3.1. Model Predictions for Crystal System Classification
We developed several ANN models using code written in the programming language C to estimate the class of the crystal structures. The classification capabilities of the ANN models were tested on a dataset of 267 samples, with 40 samples reserved for testing. We obtained a minimum of seven misclassifications by varying ANN parameters with the 6-22-22-22-1 architecture, a momentum term of 0.3, and a learning rate of 0.6.
Figure 4 illustrates the weight distribution in the ANN model with a 6-22-22-22-1 architecture at both the initial and optimal stages of training. Initially, the weights are randomly initialized within a narrow range of −0.5 to 0.5 (shown as light gray points), reflecting the untrained state of the model. After 40,000 iterations, the final weights (depicted in red) show a much broader range, spanning from −47.85 to 45.76. This significant expansion indicates the adjustments made during training to capture the complex relationships between input features and crystal structure classification. The wider distribution and increased dispersion of the weights demonstrate the model’s enhanced complexity and optimization, enabling improved classification performance and predictive accuracy.

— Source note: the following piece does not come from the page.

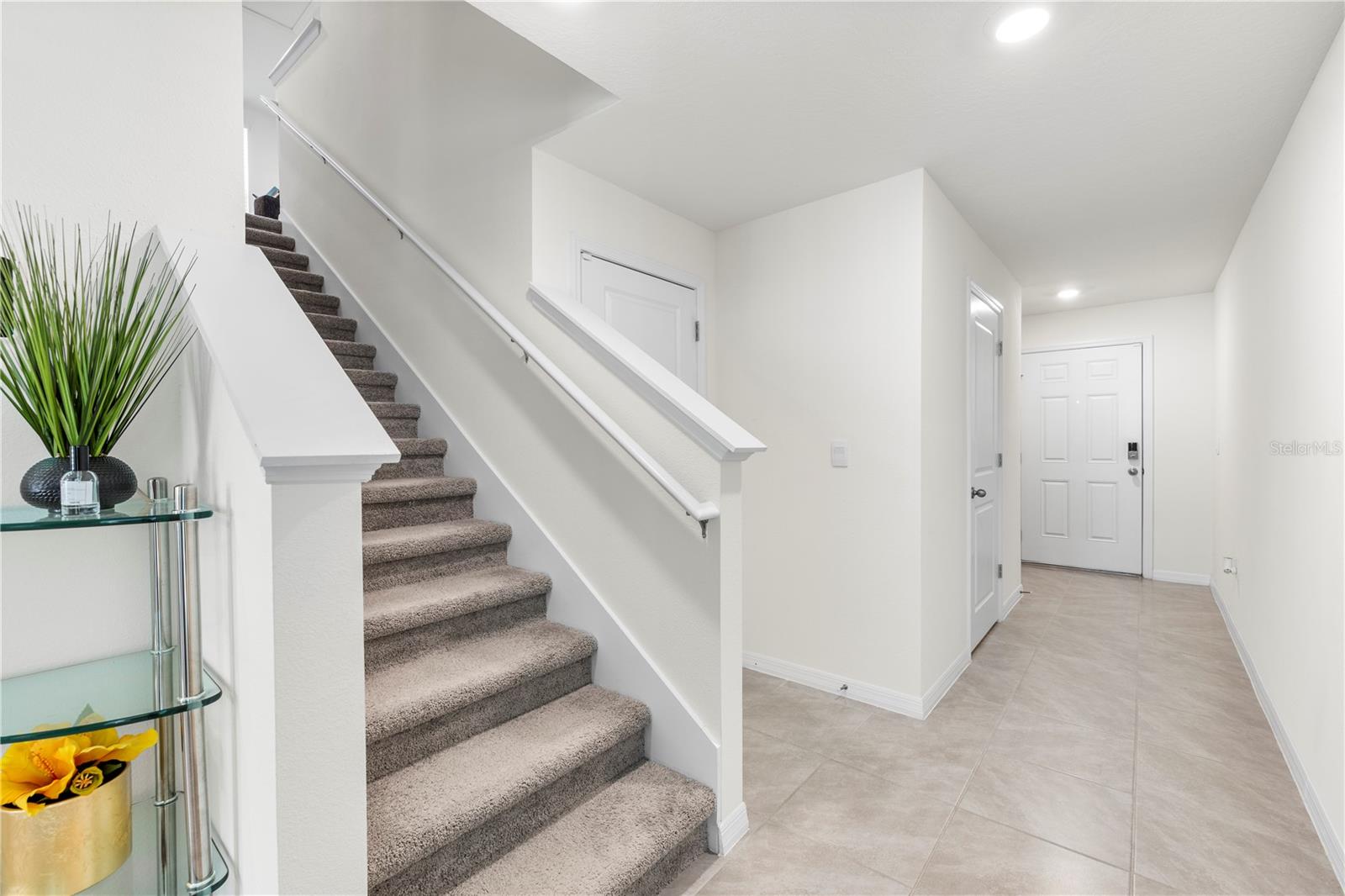 37247 KINGS CROWN DR, ZEPHYRHILLS, FL — photo 17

Monoclinic samples were labeled as 0, and orthorhombic samples as 1, with a cut-off value of 0.5 used for classification.
Figure 5 illustrates the ANN model’s classification performance for monoclinic and orthorhombic crystal structures in both training and testing datasets using distance metrics.
Figure 5a shows the distribution of 118 monoclinic samples from the training set, which were clustered within a narrow distance range and resulted in zero misclassifications. Similarly,
Figure 5b shows the distribution of 109 orthorhombic samples, which were also clustered within a narrow range and resulted in zero misclassifications.
For the testing dataset, slight classification challenges are observed.
Figure 5c shows the distribution of 21 monoclinic samples, with most correctly classified near the origin, but four samples are misclassified because they fall outside the main cluster.
Figure 5d shows the distribution of 19 orthorhombic samples, with most correctly classified, although three samples are misclassified because they deviate from the primary cluster.
Overall, these graphs highlight the ANN model’s high classification accuracy in training data, with perfect classification for both monoclinic and orthorhombic crystal structures. While minor misclassifications are observed in the testing data, they reveal areas for potential model refinement, as shown in
Table 1. This classification performance is promising and comparable to or better than the results reported in the literature, demonstrating the robustness of the ANN model for crystal structure prediction.
In 40 test datasets, the seven bold datasets are indicated as misclassified data.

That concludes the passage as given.